§ **Instructions for the task**:
Beginning at the line with "Inktastic My Great" in the records below, return each line up to and including the last, exactly as it stands, but not the pictures.

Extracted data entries
━━━━

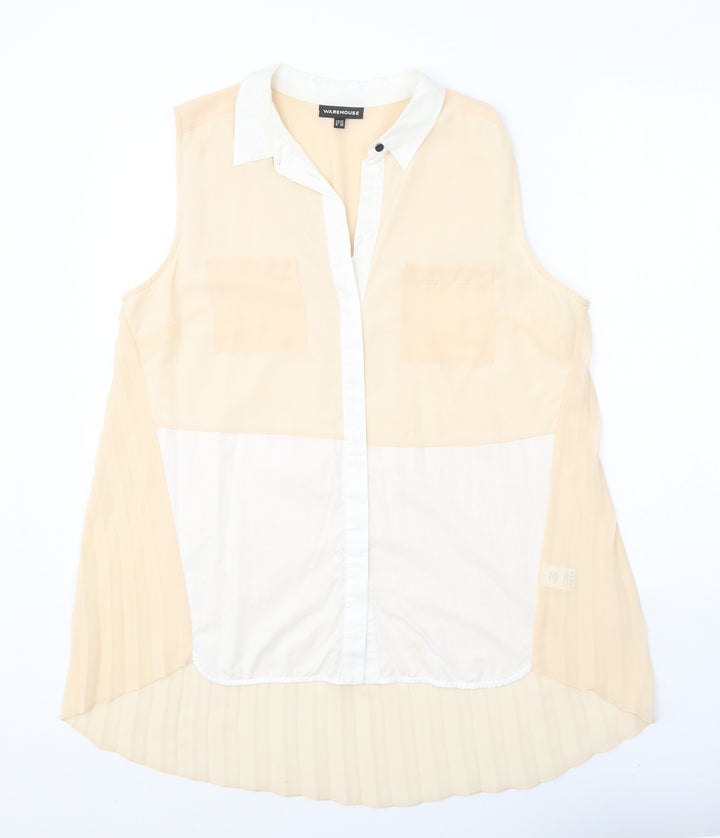 Warehouse Womens Beige Polyester Basic Tank Size 16 Collared
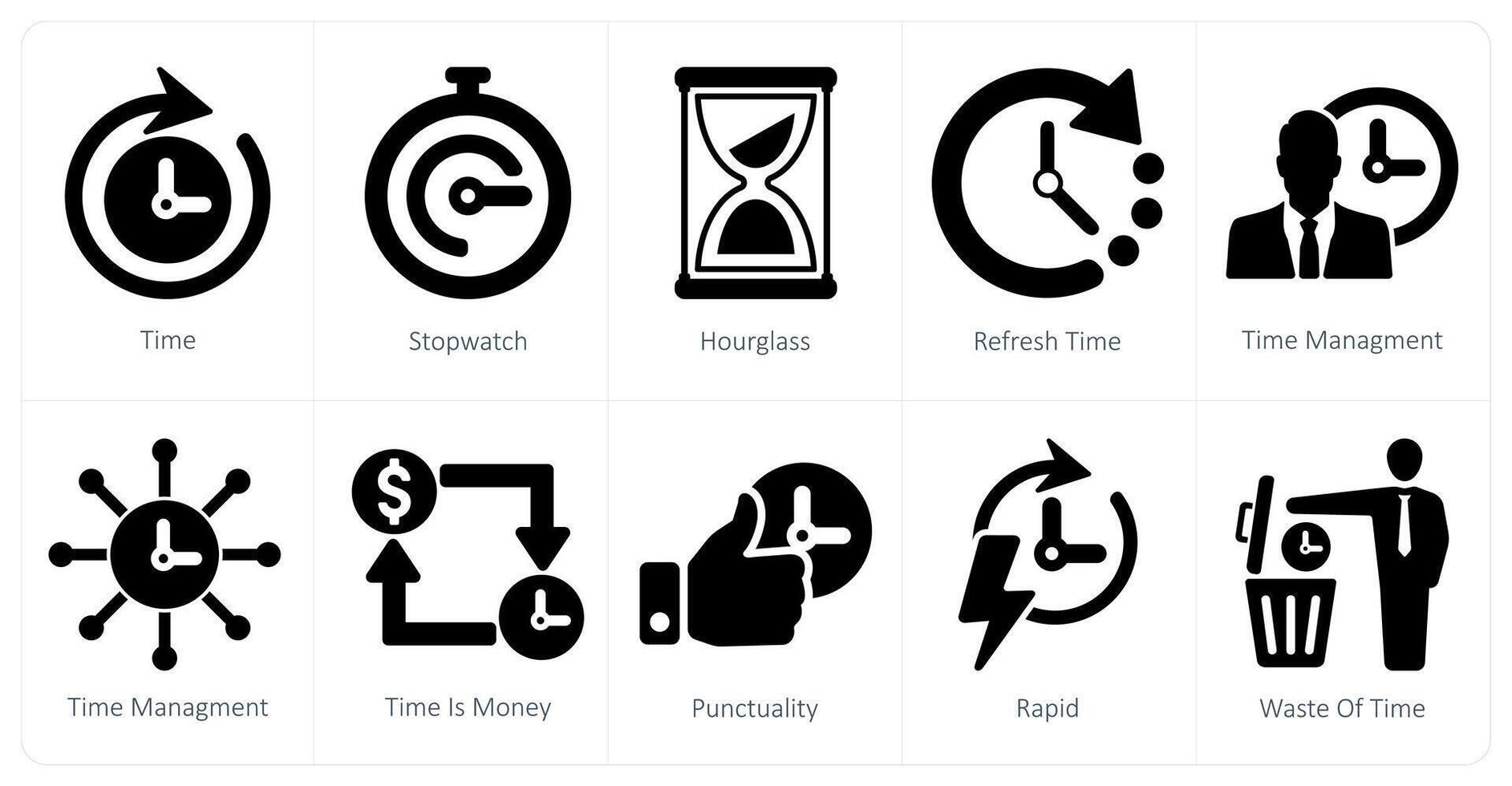 A set of 10 mix icons as time, stopwatch, hourglass vector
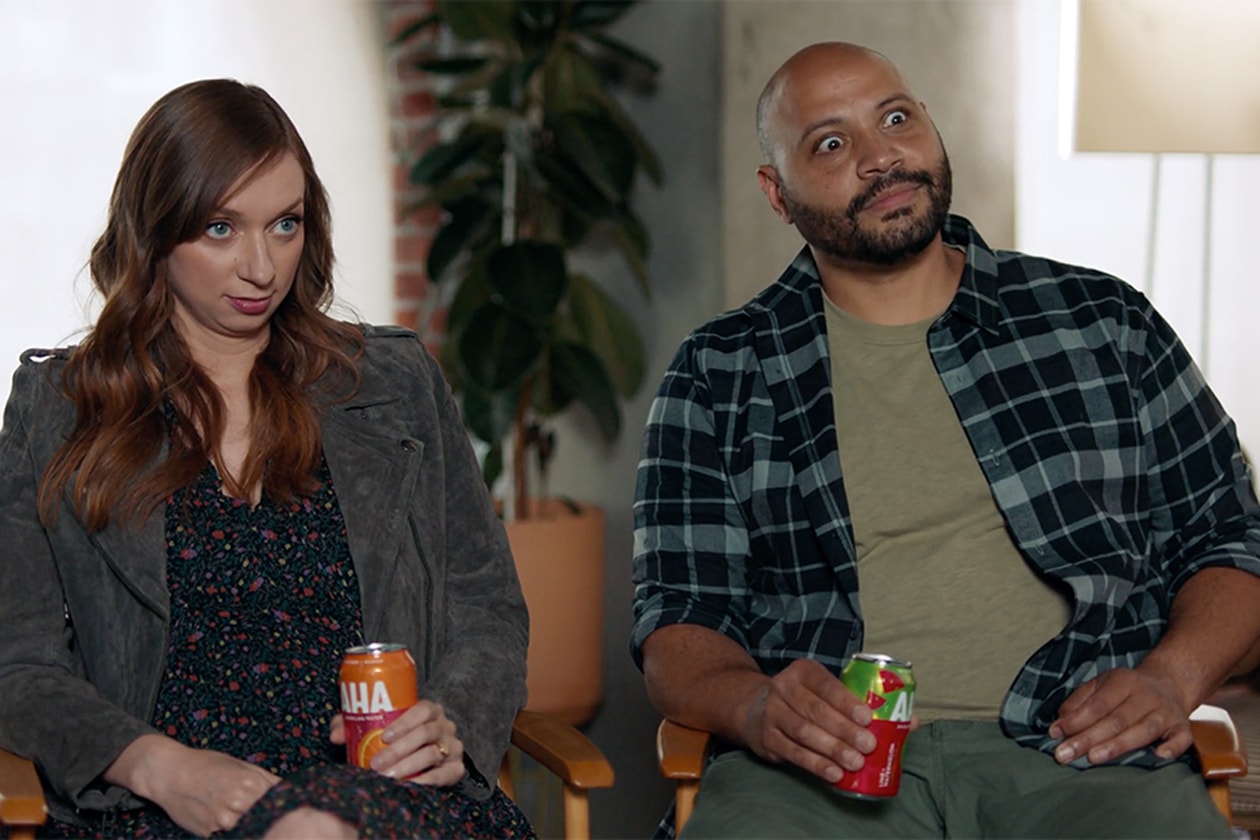 Coca-Cola seltzer creative campaigns ads Lauren Lapkus and Colton Dunn new flavors Raspberry + Acai and Mango + Black Tea existing flavor combinations Lime + Watermelon, Strawberry + Cucumber, Citrus + Green Tea, Orange + Grapefruit, Blueberry + Pomegranate and Peach + Honey consistent growth covid-19 launch Ulises Ramírez, Group Director videos eye-catching detail billboards tv social 12- and 16-ounce cans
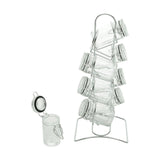 Conjunto 8 Potes Herméticos Vidro Borossilicato 65ml com Suporte de Metal Cromado - Ela Decora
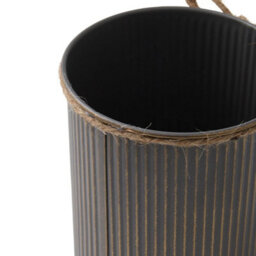 Slate Grey Set Of 3 Metal Planters Flower Pots With Jute Rope Rustic Vase Home Table Decor - thumbnail 3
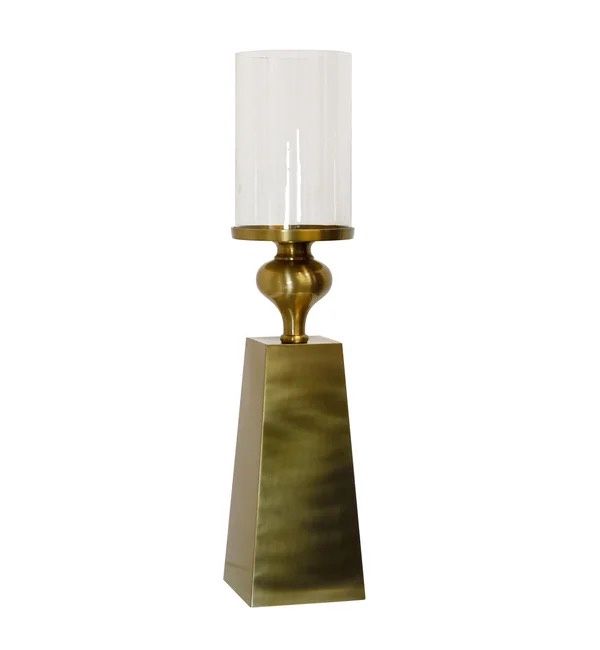 Gold Finish Metal Candle Holder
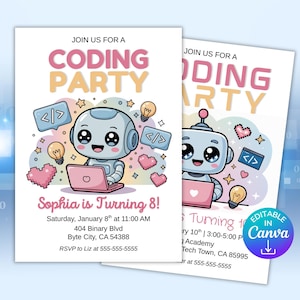 Puede incluir: Dos invitaciones para una fiesta de codificación. Cada invitación presenta un robot de dibujos animados con un portátil, rodeado de corazones, estrellas y bombillas. El texto dice "¡Únete a nuestra fiesta de codificación!" y "¡Sophia cumple 8 años!"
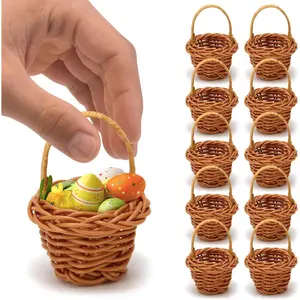 10Pcs Mini Small Easter Woven Wicker Baskets with Handle Bulk for Favors, Home Office Decor and Floral Arrangements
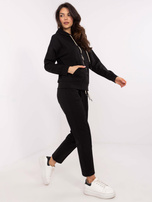 Hurt Czarny dresowy komplet z prostymi spodniami 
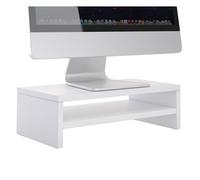 IDIMEX Support d'écran d'ordinateur Display, réhausseur pour Moniteur avec étagère intermédiaire Dimensions 42 x 14 x 24 cm, en mélaminé Blanc Mat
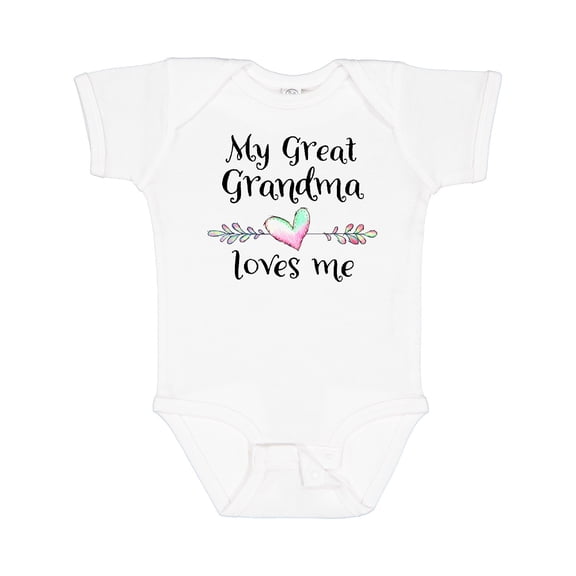 Inktastic My Great Grandma Loves Me Heart Great Grandchild Boys or Girls Baby Bodysuit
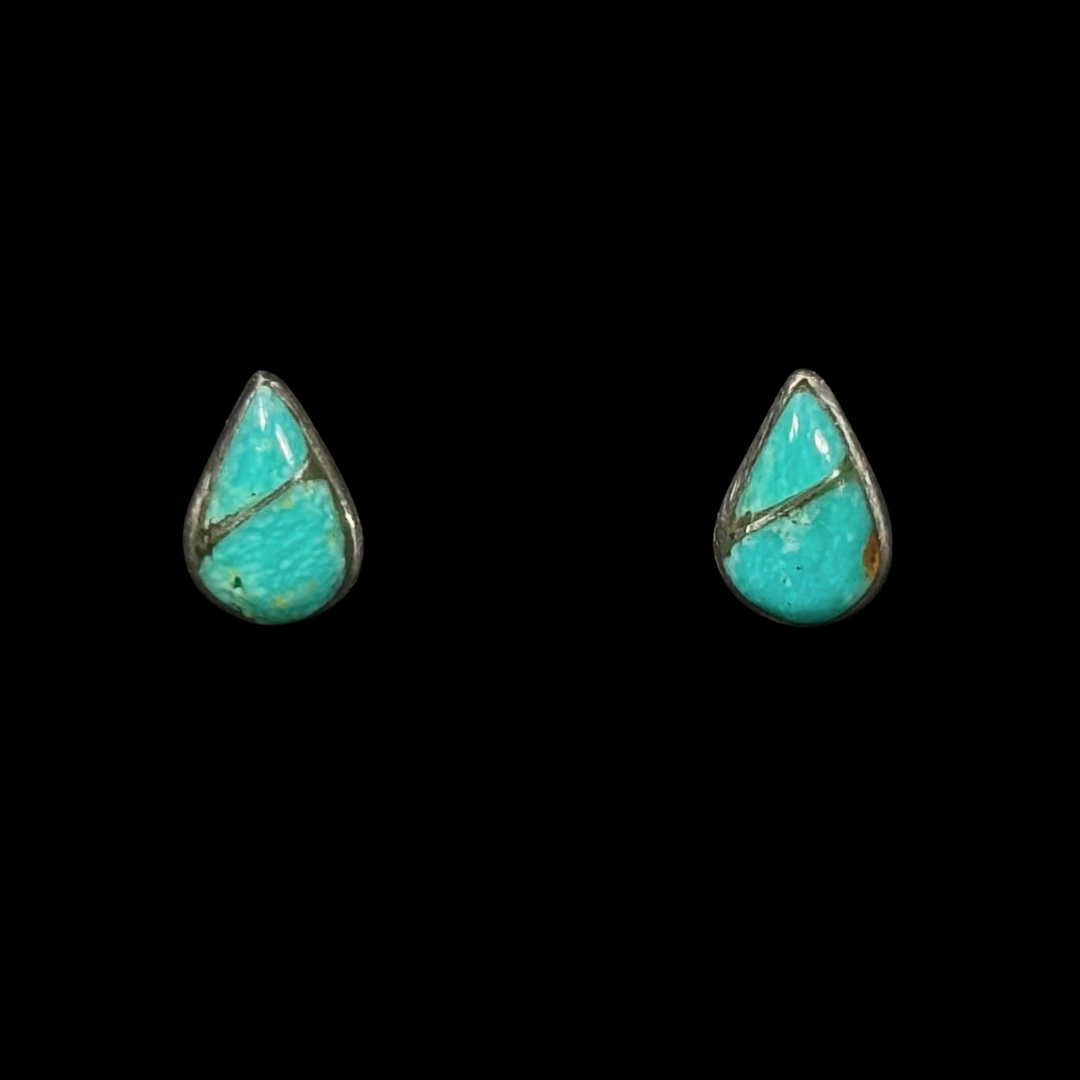 Zuni Turquoise Teardrop Inlay Stud Earrings | Sterling Silver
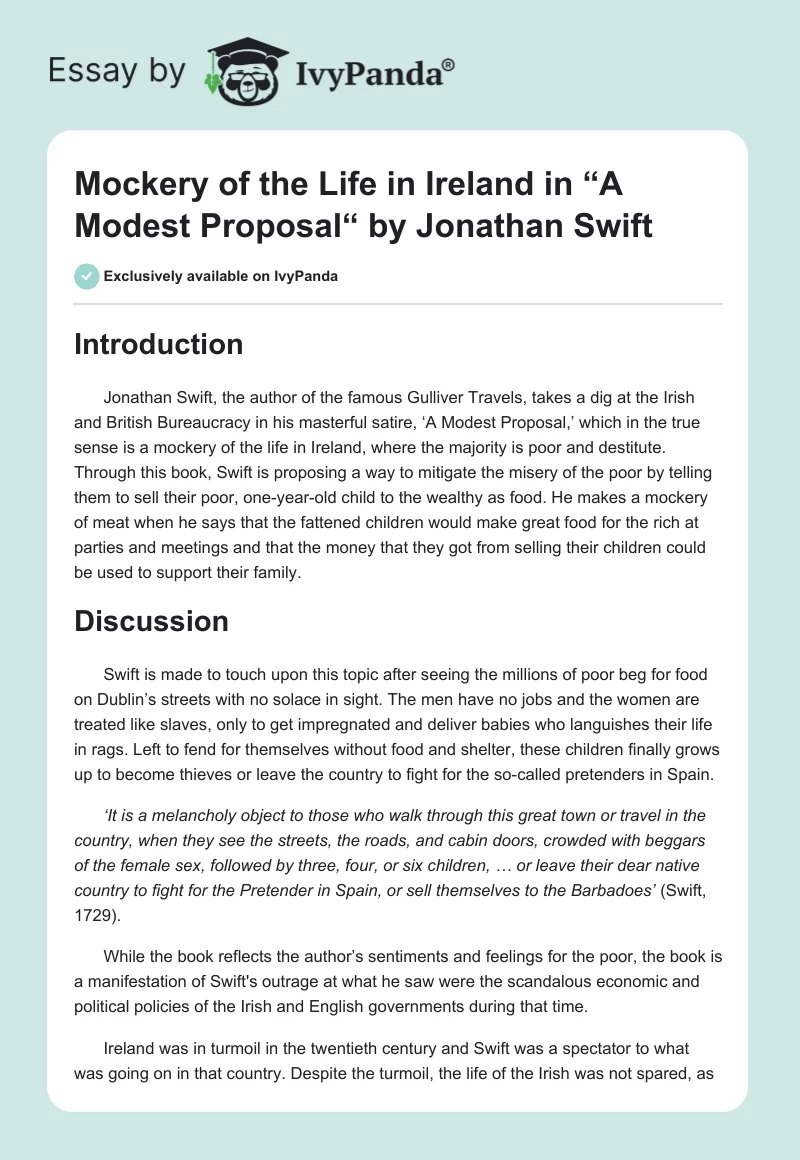 Mockery of the Life in Ireland in “A Modest Proposal“ by Jonathan Swift. Page 1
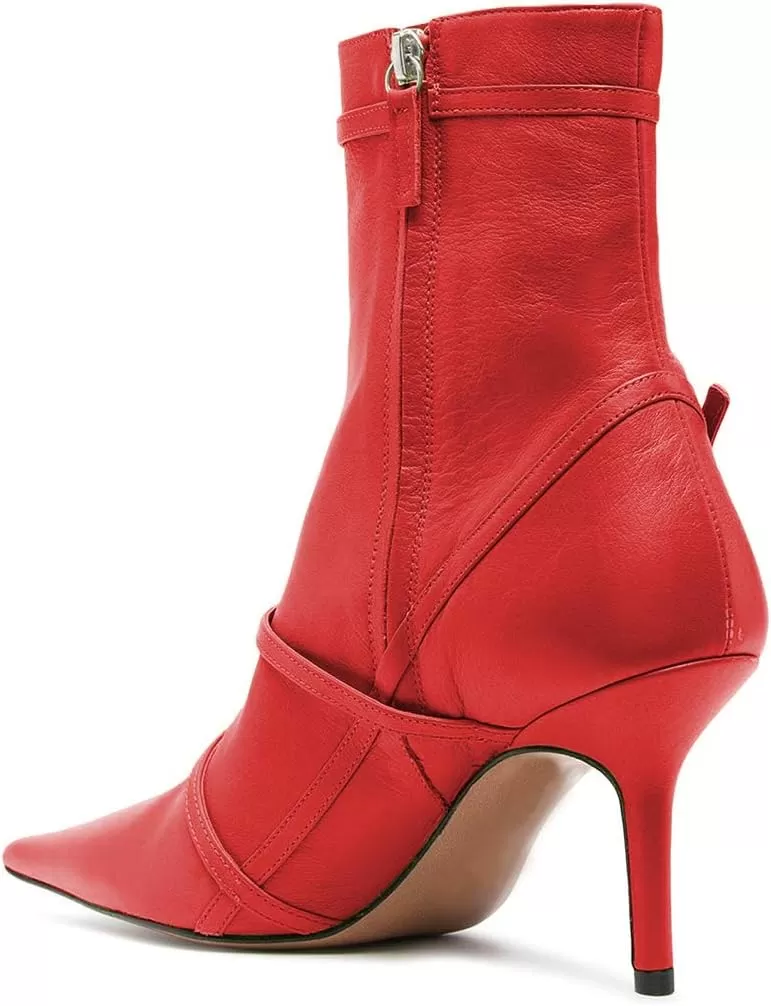 imageFSJ Women Pointed Toe Ankle Boots with Cross Buckle Straps Decoration Fashion Elegant Mid Low Heel Booties Ankle Wrap Zip Up Evening Party Dress Shoes Size 415 USRed
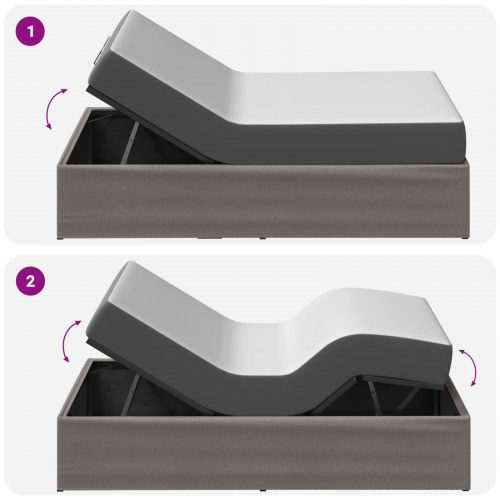 Elektrisk elevationsramme gråbrun 200 x 100 x 33,5 cm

━━━━

§ **Final answer**:
 Inktastic My Great Grandma Loves Me Heart Great Grandchild Boys or Girls Baby Bodysuit
 Zuni Turquoise Teardrop Inlay Stud Earrings | Sterling Silver
 Mockery of the Life in Ireland in “A Modest Proposal“ by Jonathan Swift. Page 1
 imageFSJ Women Pointed Toe Ankle Boots with Cross Buckle Straps Decoration Fashion Elegant Mid Low Heel Booties Ankle Wrap Zip Up Evening Party Dress Shoes Size 415 USRed
 Elektrisk elevationsramme gråbrun 200 x 100 x 33,5 cm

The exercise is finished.